• Collected data:
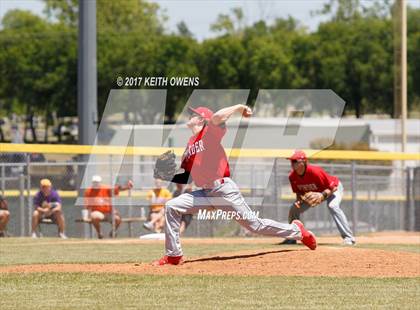 Thumbnail 1 in Farmersville @ Ponder (UIL 3A Region 2 Bi-District Playoff) photogallery.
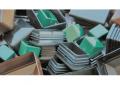 Užmaunami ir įkalami kamšteliai metaliniams stulpams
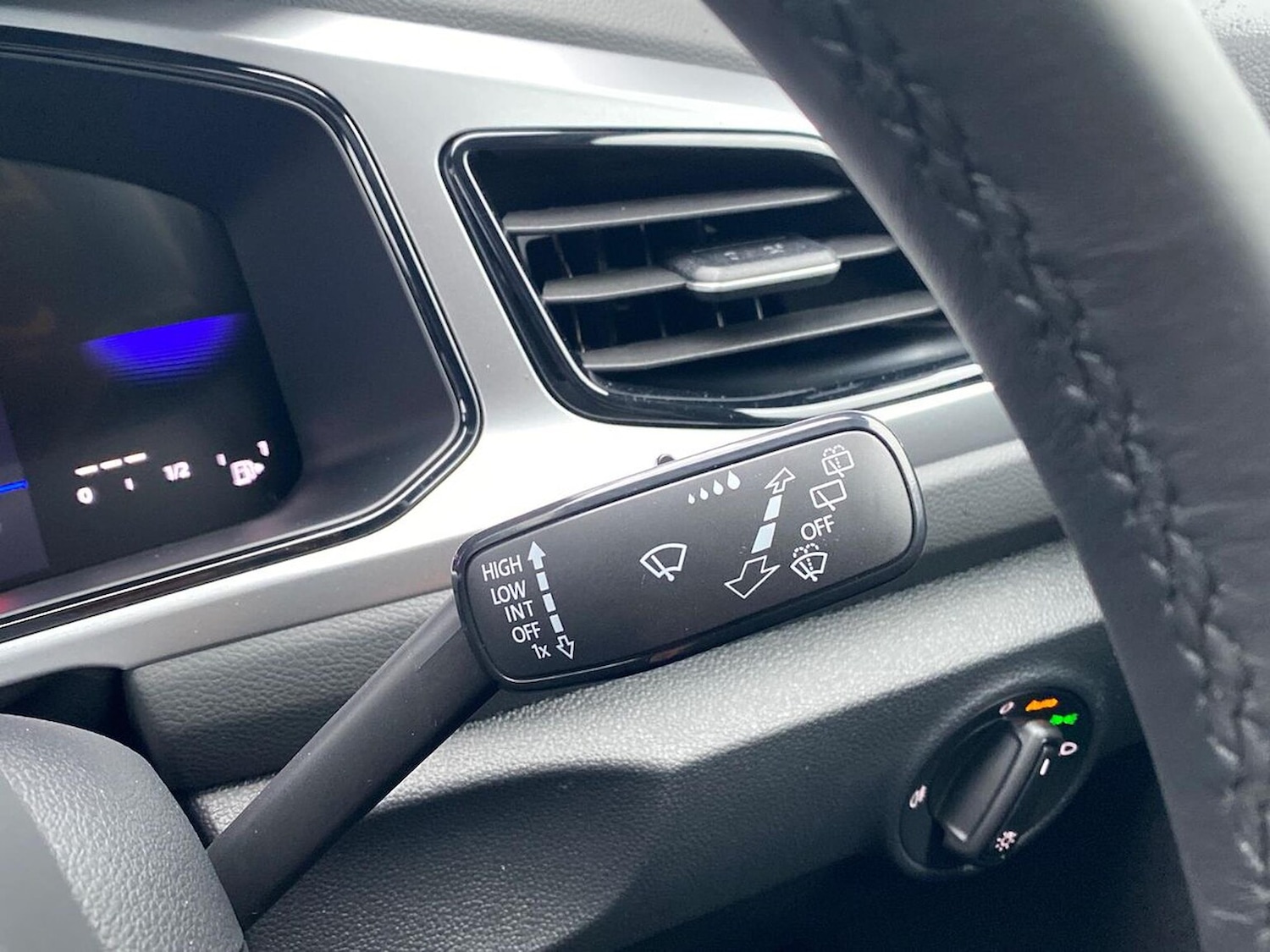 Used Volkswagen T-Roc 2026 for sale - 77896265: Photo 26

• Required action: Go through the material and set it down again exactly, but without any pictures.

• Response for this exercise:
 Thumbnail 1 in Farmersville @ Ponder (UIL 3A Region 2 Bi-District Playoff) photogallery.
 Užmaunami ir įkalami kamšteliai metaliniams stulpams
 Used Volkswagen T-Roc 2026 for sale - 77896265: Photo 26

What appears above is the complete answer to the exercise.